* Prompt
Repeat all of the records exactly, leaving out the pictures.

* Input for this task
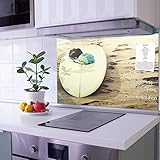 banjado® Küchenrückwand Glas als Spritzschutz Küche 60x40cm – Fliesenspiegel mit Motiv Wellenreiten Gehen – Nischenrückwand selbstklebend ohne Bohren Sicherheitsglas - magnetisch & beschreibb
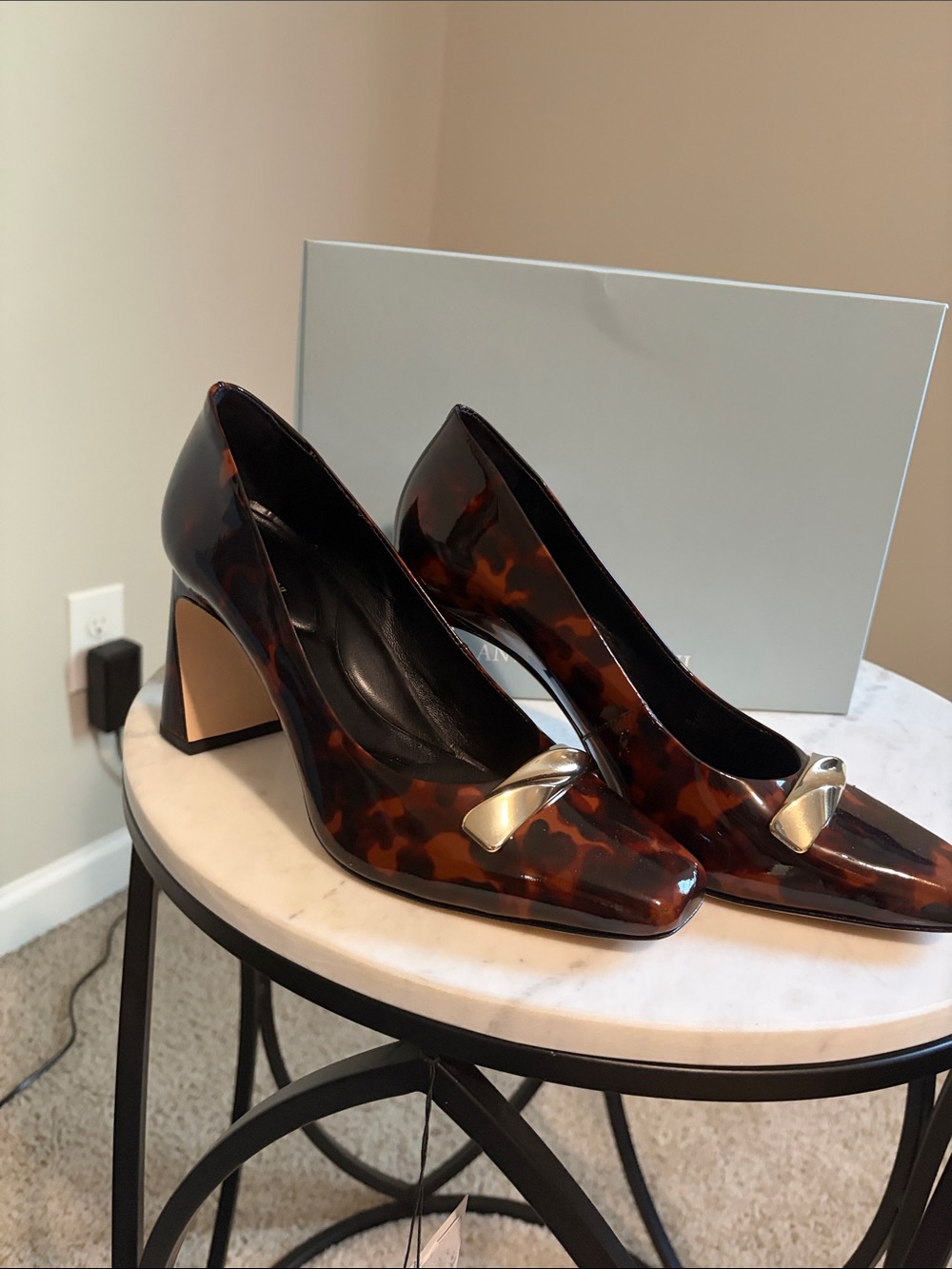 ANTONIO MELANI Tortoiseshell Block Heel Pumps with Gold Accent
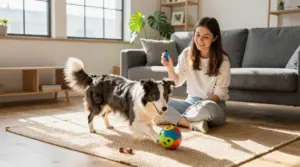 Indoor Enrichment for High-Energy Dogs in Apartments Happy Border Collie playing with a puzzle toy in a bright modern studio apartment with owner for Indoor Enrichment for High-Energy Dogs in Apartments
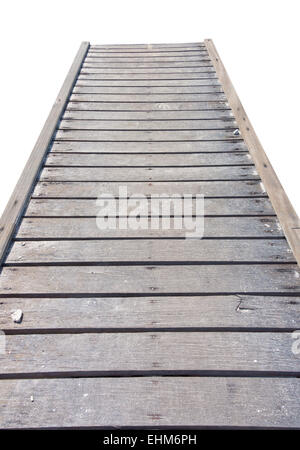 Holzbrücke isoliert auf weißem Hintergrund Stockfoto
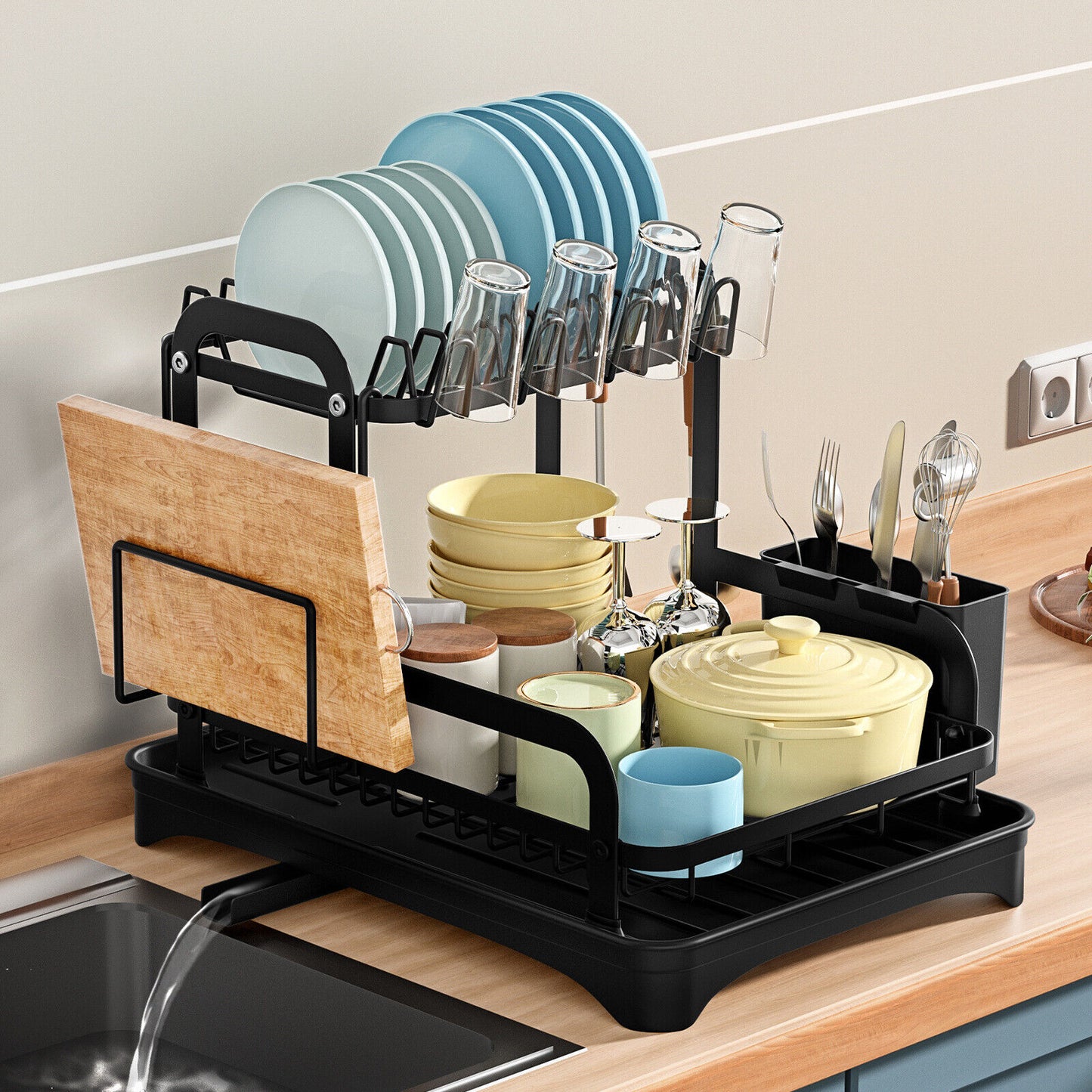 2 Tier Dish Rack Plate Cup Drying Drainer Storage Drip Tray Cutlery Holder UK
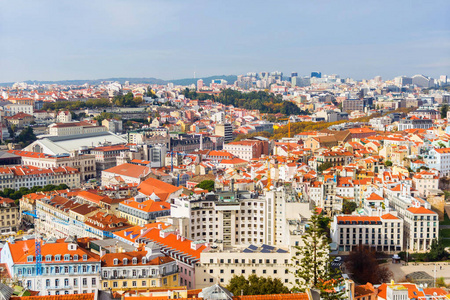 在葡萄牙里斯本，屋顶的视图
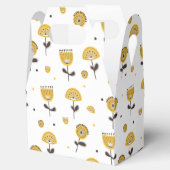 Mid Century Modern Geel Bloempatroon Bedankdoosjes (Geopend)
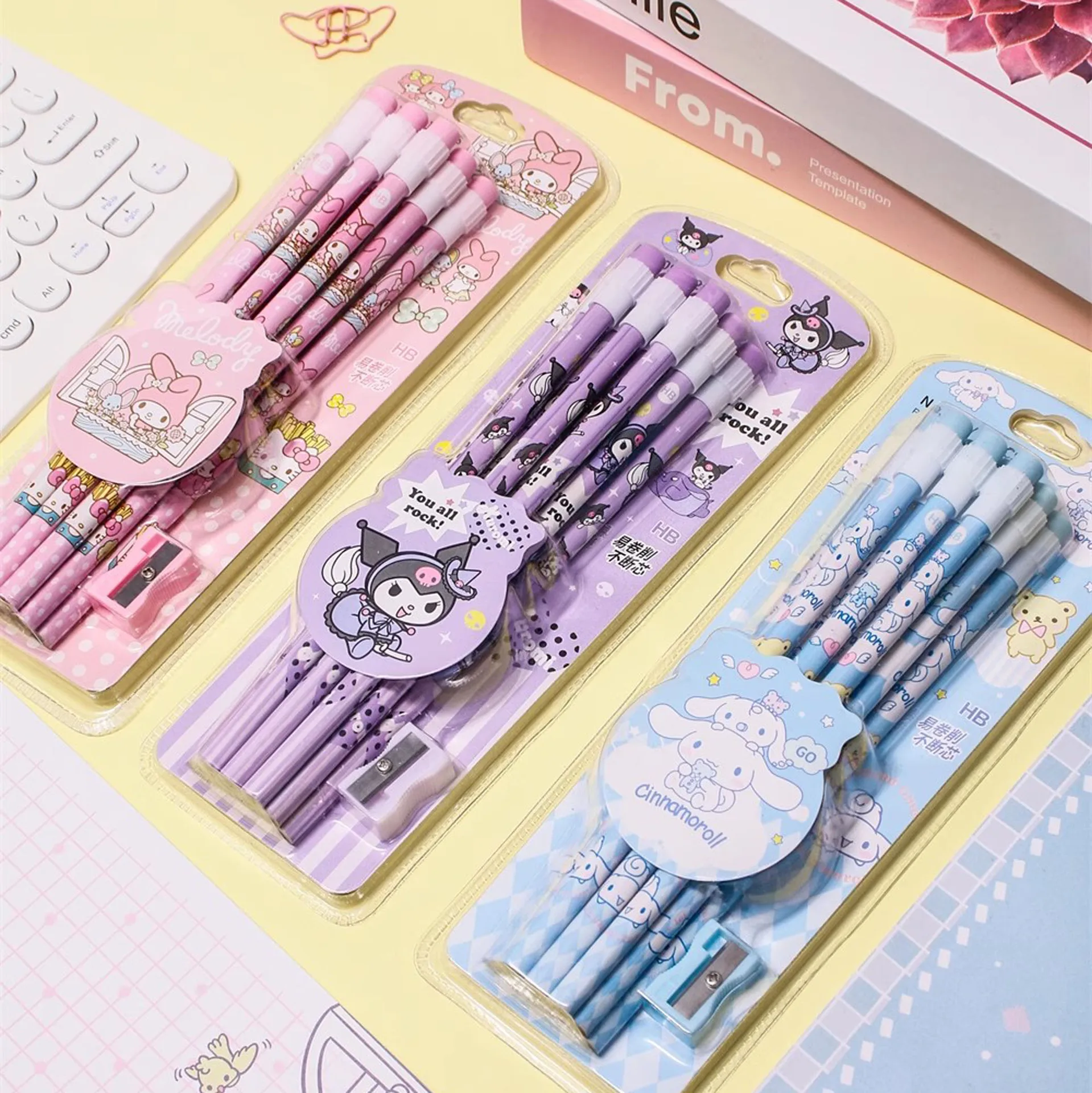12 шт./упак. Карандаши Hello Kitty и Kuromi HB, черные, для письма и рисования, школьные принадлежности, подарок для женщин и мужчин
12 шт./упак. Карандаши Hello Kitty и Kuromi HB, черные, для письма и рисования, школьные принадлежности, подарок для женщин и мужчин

* Answer
 banjado® Küchenrückwand Glas als Spritzschutz Küche 60x40cm – Fliesenspiegel mit Motiv Wellenreiten Gehen – Nischenrückwand selbstklebend ohne Bohren Sicherheitsglas - magnetisch & beschreibb
 ANTONIO MELANI Tortoiseshell Block Heel Pumps with Gold Accent
 Indoor Enrichment for High-Energy Dogs in Apartments Happy Border Collie playing with a puzzle toy in a bright modern studio apartment with owner for Indoor Enrichment for High-Energy Dogs in Apartments
 Holzbrücke isoliert auf weißem Hintergrund Stockfoto
 2 Tier Dish Rack Plate Cup Drying Drainer Storage Drip Tray Cutlery Holder UK
 在葡萄牙里斯本，屋顶的视图
 Mid Century Modern Geel Bloempatroon Bedankdoosjes (Geopend)
12 шт./упак. Карандаши Hello Kitty и Kuromi HB, черные, для письма и рисования, школьные принадлежности, подарок для женщин и мужчин
12 шт./упак. Карандаши Hello Kitty и Kuromi HB, черные, для письма и рисования, школьные принадлежности, подарок для женщин и мужчин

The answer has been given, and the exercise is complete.